Mexique : La Mission civile d’observation constate des violations des droits humains dans le cadre du mégaprojet de corridor interocéanique de l’isthme
- 23 organisations de la société civile nationales et internationales documentent diverses violations des droits humains liées au mégaprojet.
- La majorité des attaques sont perpétrées contre des membres des peuples et des communautés autochtones ; la Marine et la garde nationale sont les principales instances responsables de ces violences.
Le 27 juillet, la mission d’observation civile qui a débuté le 25 juillet dans la région de l’isthme de Tehuantepec, Oaxaca, Mexique, avec l’objectif de documenter les violations des droits humains et les attaques contre les défenseur⸱ses des droits humains et les communautés dans le contexte du mégaprojet connu sous le nom de Corridor interocéanique de l’isthme de Tehuantepec (CIIT), a achevé son travail.
23 organisations de la société civile nationales et internationales et huit journalistes de la presse nationale et internationale ont participé à la mission d’observation. Au cours de cette tournée de trois jours, ils ont rendu visite aux personnes et aux communautés touchées dans la région nord dans le camp « Tierra y Libertad » à Mogoñé Viejo, État de Oaxaca, ainsi que dans la zone de développement de Santa María Mixtequilla et les communautés attaquées à Santa Cruz Tagolaba et Puente Madera.
Les personnes et organisations participant à la mission ont conclu que la mise en œuvre du CIIT constitue une violation des droits humains des habitants de ces régions et de ceux qui défendent les droits collectifs des communautés indigènes, en particulier de leurs droits : i) à l’information, car les communautés affirment qu’elles n’ont pas eu accès à toutes les informations pertinentes concernant la construction du mégaprojet et ses effets sur leurs territoires ; ii) à la participation, à l’autodétermination, au territoire, à un environnement sain et à l’identité culturelle. Cela est dû à l’absence de consultation préalable, libre et informée, conformément aux normes nationales et internationales ; et iii) à la vie, à l’intégrité, à la liberté personnelle et à la liberté d’expression, entre autres, en raison des agressions physiques, du harcèlement et de la criminalisation qu’ils subissent, en particulier ceux qui mènent la lutte pour la nature, la terre et le territoire.
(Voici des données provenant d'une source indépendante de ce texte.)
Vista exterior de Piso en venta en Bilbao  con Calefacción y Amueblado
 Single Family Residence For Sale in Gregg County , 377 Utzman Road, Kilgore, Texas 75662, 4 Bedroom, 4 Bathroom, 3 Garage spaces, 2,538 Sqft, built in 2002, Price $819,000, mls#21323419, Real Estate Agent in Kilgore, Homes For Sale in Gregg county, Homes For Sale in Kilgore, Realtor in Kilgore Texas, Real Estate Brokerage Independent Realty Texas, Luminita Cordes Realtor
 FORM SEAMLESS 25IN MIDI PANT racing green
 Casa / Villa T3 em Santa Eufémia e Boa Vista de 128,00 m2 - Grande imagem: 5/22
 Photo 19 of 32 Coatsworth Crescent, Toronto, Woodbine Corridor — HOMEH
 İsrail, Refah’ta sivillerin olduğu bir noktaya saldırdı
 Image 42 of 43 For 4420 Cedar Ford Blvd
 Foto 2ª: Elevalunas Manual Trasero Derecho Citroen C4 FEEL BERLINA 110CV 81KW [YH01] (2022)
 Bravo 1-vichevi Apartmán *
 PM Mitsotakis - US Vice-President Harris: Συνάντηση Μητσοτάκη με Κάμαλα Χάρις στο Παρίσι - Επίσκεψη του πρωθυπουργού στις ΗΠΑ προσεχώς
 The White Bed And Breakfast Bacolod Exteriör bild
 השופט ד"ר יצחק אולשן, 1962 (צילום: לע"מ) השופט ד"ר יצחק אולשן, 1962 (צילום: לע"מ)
Lors de la conférence de presse qui s’est tenue ce jeudi 27 juillet à Juchitán, Oaxaca, des organisations nationales et internationales ont exprimé leurs préoccupations face aux actes d’agression enregistrés dans le cadre de la construction du mégaprojet de Corridor interocéanique. Ils ont indiqué que les attaques se sont multipliées cette année et que l’intégrité des défenseurs et défenseuses qui s’opposent à ce mégaprojet est menacée. Au cours de la mission, les participants ont été témoins d’incidents de sécurité tels que la présence constante et vigilante des forces armées.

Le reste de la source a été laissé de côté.